* **Problem description**
After locating the line that contains "Picture of Birth", transcribe exactly that line and each one after it until the data ends, skipping pictures.

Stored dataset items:
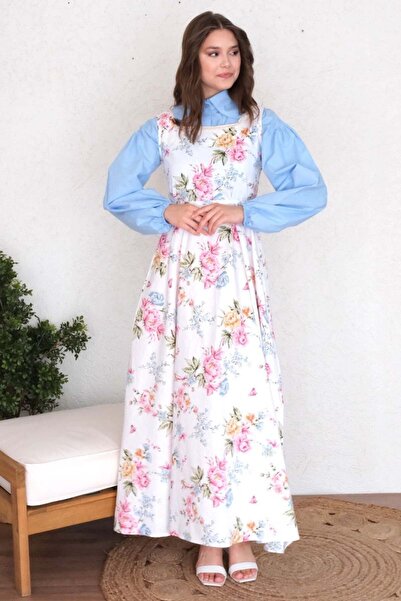 Ceylan Otantik Baby Blue Crop Shirt and Pink Flower Patterned Square Collar G...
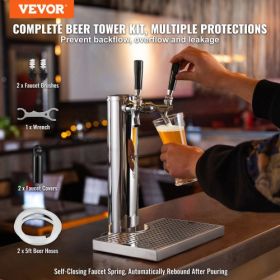 VEVOR Dual Taps Draft Beer Tower Dispenser, Stainless Steel Keg Beer Tower, Kegerator Tower Kit with Pre-Assembled Tubing and Self-Closing Faucet Shan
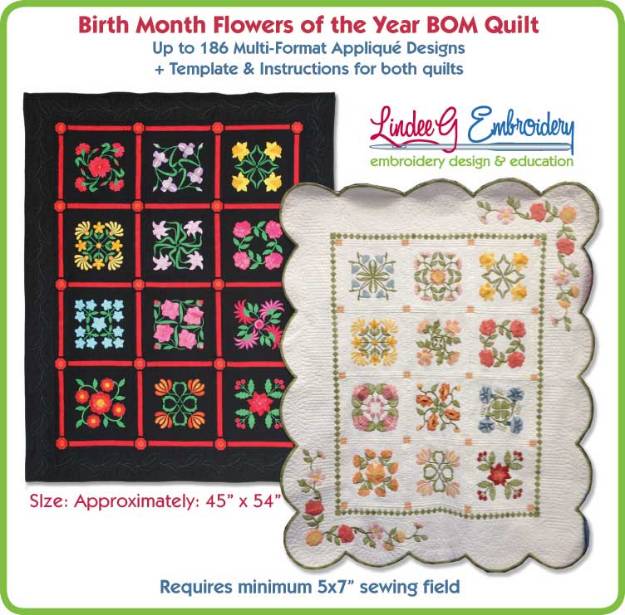 Picture of Birth Month Flowers of the Year Applique Quilt Bundle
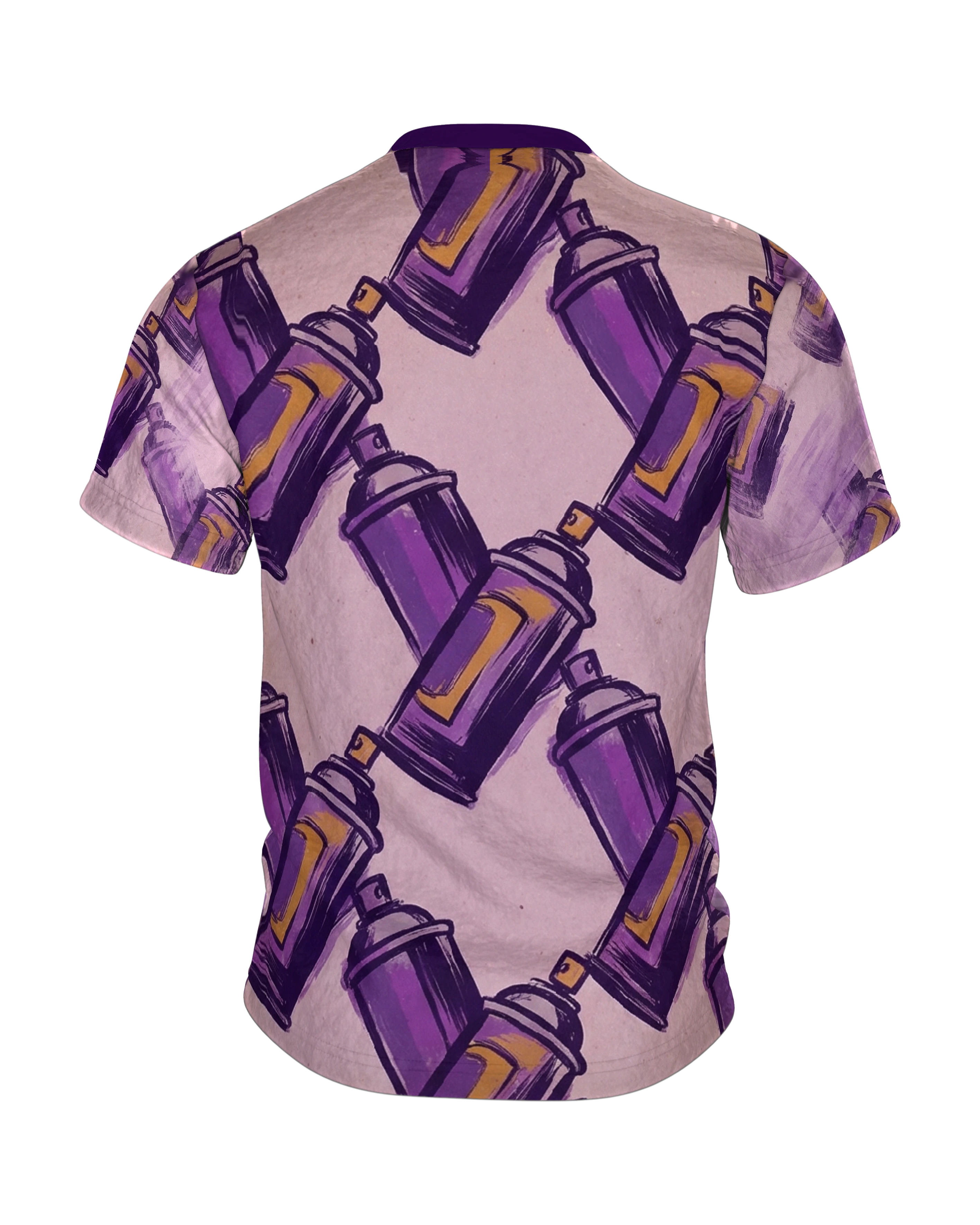 Urban Spray Cans T-Shirt: Violett & Gold, Rückseite
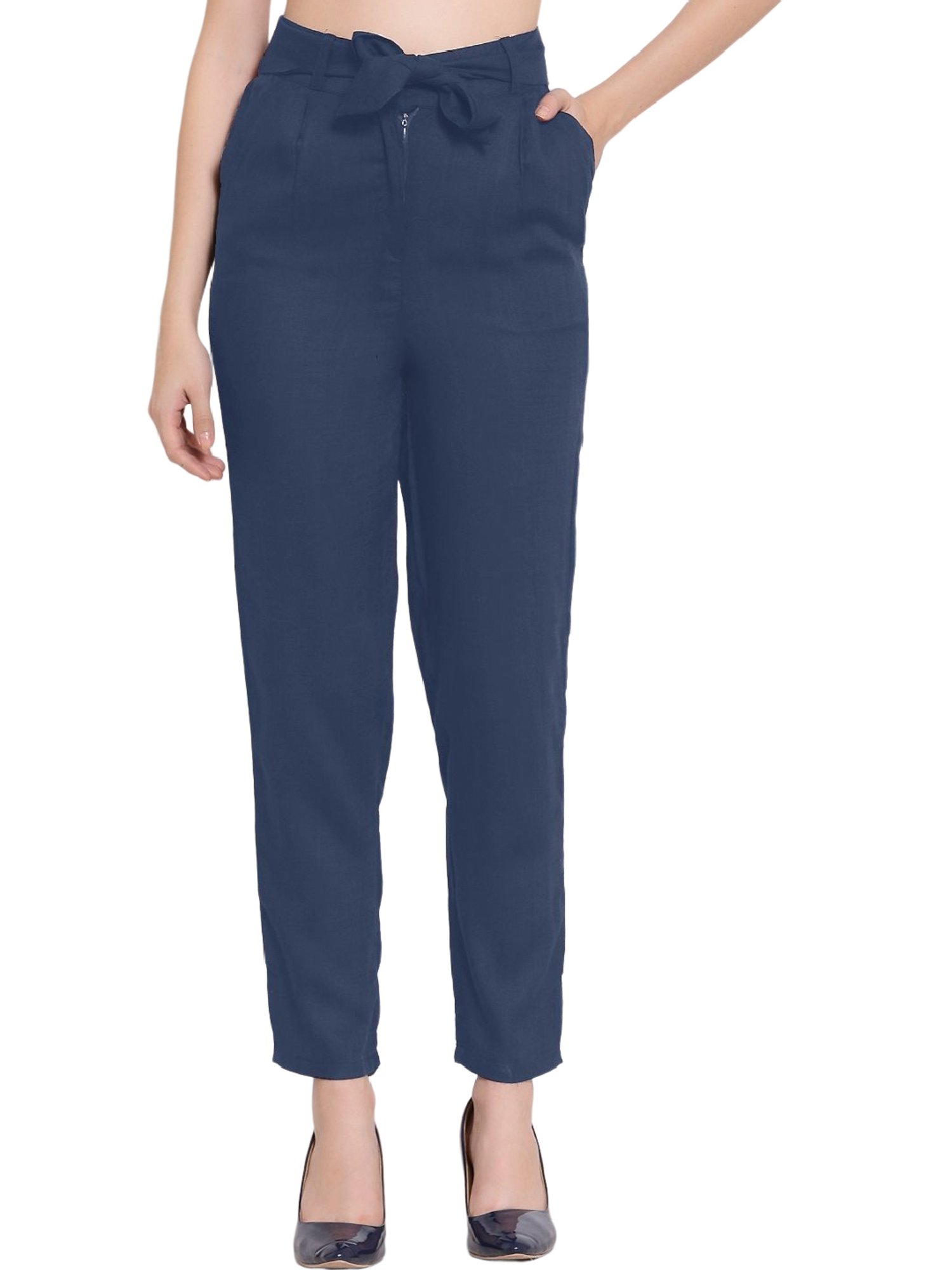 Buy INDYA Women Navy Blue Straight Fit Self Design Cigarette Trousers   Trousers for Women 2452377  Myntra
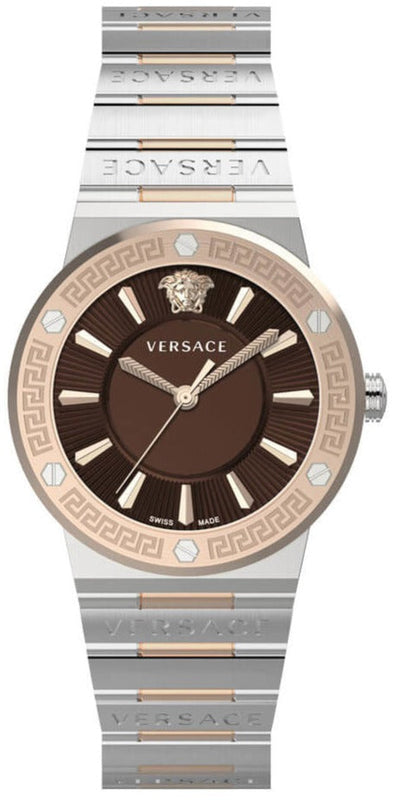 Versace Grace Quartz Brown Dial Two Tone Steel Strap Watch For Women - VEVH01220 Authentic Buy Shop Now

* **Response to this task**
 Picture of Birth Month Flowers of the Year Applique Quilt Bundle
 Urban Spray Cans T-Shirt: Violett & Gold, Rückseite
 Buy INDYA Women Navy Blue Straight Fit Self Design Cigarette Trousers   Trousers for Women 2452377  Myntra
 Versace Grace Quartz Brown Dial Two Tone Steel Strap Watch For Women - VEVH01220 Authentic Buy Shop Now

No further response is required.